To do this, click “Run” in the top menu, then select “Run…” from the dropdown menu (Alt+Shift+F10)
At this point, PyCharm will ask you to setup what should be run (pictured below). The first option, “Edit Configurations”, can be used to setup more customised run configurations changing environment variables, interpreter, and more but – for our purposes – we don’t need any of these. Instead, we can select “hello-world” (our Python file) and PyCharm will automatically set up the run configuration for us and run it immediately.
In a similar manner to the cloud Python interpreters, the output from your program will be shown at the bottom of the screen.
If all is well, it should say “Hello World”. You have now set up and created your first project on PyCharm!
Now you’ve added a run configuration (by following the previous steps), it’s much easier to run your program in future. PyCharm will now have a green play button in the top right, similar to the online interpreters used previously.

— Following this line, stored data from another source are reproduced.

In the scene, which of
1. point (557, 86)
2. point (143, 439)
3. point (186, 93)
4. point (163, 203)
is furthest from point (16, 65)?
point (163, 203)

Clicking this (or pressing Shift+F10) will run the program without you needing to navigate through the menus.
Well done! If you want to practice a little more – feel free to return to earlier material in this course and look at the other example programs from section two. When you are comfortable you have a feel for editing programs, running them, and viewing the output – you will be ready to move onto the next stage of this section of the course, below.
Retrieving a Webpage
In this section, we will look at using PyCharm to download a webpage – a relatively simple function once you know what you’re doing but, a very useful building block for any future work. This could include technical SEO tasks like spotting missed opportunities on our own website.
An important aspect to note – this is example code – and as such some essential steps – such as checking and acting upon robots.txt are omitted. In the majority of cases programs which access websites should process and abide by the rules in robots.txt.
In part two of this tutorial we parsed a mock webpage with BeautifulSoup4. Today, we’ll be utilising a library called “Requests” to retrieve pages from the web. Requests is a library for performing HTTP requests (downloading webpages), handling all the technical aspects your browser normally handles for you, too.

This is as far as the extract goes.